Records for this exercise section start
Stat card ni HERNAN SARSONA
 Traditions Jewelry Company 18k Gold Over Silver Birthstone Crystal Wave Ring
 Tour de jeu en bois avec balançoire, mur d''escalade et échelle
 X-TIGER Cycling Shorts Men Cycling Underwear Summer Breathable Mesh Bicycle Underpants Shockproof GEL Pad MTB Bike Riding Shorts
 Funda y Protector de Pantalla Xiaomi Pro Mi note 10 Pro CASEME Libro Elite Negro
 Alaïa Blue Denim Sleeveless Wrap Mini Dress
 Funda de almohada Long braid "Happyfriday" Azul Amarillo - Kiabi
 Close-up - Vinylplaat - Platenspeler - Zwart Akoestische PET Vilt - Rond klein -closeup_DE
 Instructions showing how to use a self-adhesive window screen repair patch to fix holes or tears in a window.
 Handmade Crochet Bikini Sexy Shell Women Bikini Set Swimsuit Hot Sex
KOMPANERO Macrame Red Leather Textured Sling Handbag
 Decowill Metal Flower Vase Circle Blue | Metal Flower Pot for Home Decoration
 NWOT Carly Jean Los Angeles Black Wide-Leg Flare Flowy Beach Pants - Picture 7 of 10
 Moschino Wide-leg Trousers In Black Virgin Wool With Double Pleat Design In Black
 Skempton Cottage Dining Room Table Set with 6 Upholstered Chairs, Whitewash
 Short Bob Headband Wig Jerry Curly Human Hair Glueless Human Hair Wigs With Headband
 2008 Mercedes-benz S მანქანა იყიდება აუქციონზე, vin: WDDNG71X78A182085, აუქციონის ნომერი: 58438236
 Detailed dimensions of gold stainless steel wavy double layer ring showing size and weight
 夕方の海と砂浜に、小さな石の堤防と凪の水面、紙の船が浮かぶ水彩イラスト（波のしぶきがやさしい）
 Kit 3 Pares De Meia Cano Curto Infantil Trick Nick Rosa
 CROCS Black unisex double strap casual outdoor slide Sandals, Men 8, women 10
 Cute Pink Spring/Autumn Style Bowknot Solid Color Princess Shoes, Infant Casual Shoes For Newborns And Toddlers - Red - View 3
Records for this exercise section end
Going back over the entries above, copy word for word every line from the one that has "Alaïa Blue Denim Sleeveless Wrap Mini Dress" on through the one that has "NWOT Carly Jean".

Solved exercise >>
 Alaïa Blue Denim Sleeveless Wrap Mini Dress
 Funda de almohada Long braid "Happyfriday" Azul Amarillo - Kiabi
 Close-up - Vinylplaat - Platenspeler - Zwart Akoestische PET Vilt - Rond klein -closeup_DE
 Instructions showing how to use a self-adhesive window screen repair patch to fix holes or tears in a window.
 Handmade Crochet Bikini Sexy Shell Women Bikini Set Swimsuit Hot Sex
KOMPANERO Macrame Red Leather Textured Sling Handbag
 Decowill Metal Flower Vase Circle Blue | Metal Flower Pot for Home Decoration
 NWOT Carly Jean Los Angeles Black Wide-Leg Flare Flowy Beach Pants - Picture 7 of 10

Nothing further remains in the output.